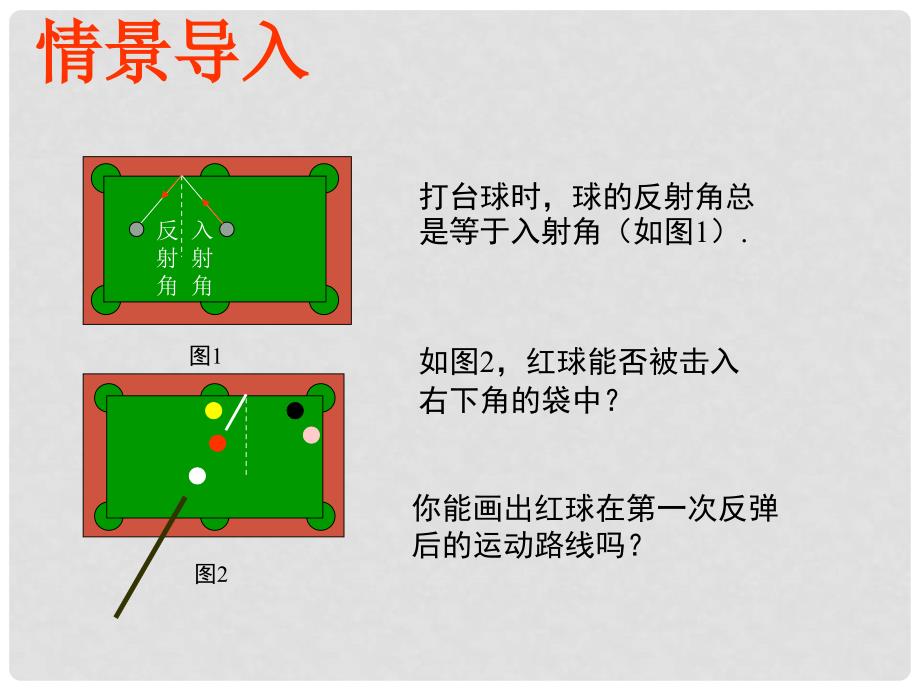 江苏省东台市唐洋镇中学七年级数学上册《6.2 角》课件1 （新版）苏科版_第2页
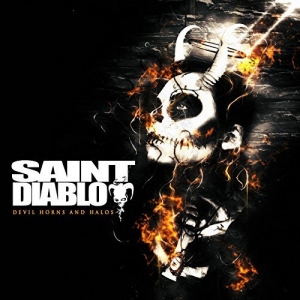 Saint Diablo - Devil Horns and Halos (2015)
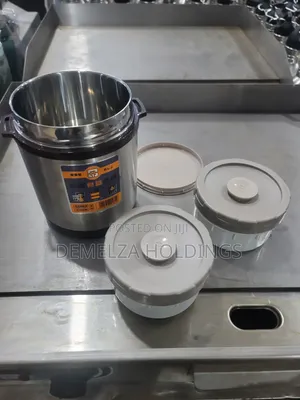 2litres Lunch Box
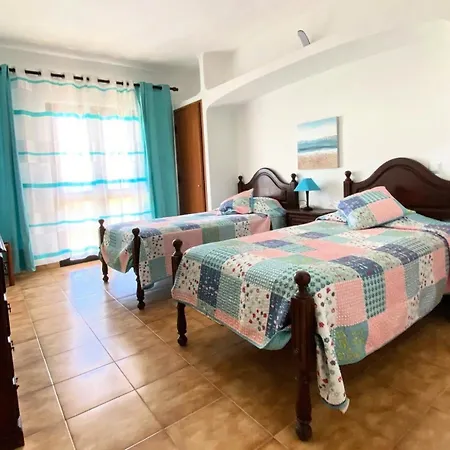 Villa Vivenda Silvestre Family House Albufeira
━━━━━━━━
*Exercise requirements:* Copy out the material word for word, without any images.

*Solved exercise:*
 江苏省东台市唐洋镇中学七年级数学上册《6.2 角》课件1 （新版）苏科版_第2页
 Saint Diablo - Devil Horns and Halos (2015)
 2litres Lunch Box
 Villa Vivenda Silvestre Family House Albufeira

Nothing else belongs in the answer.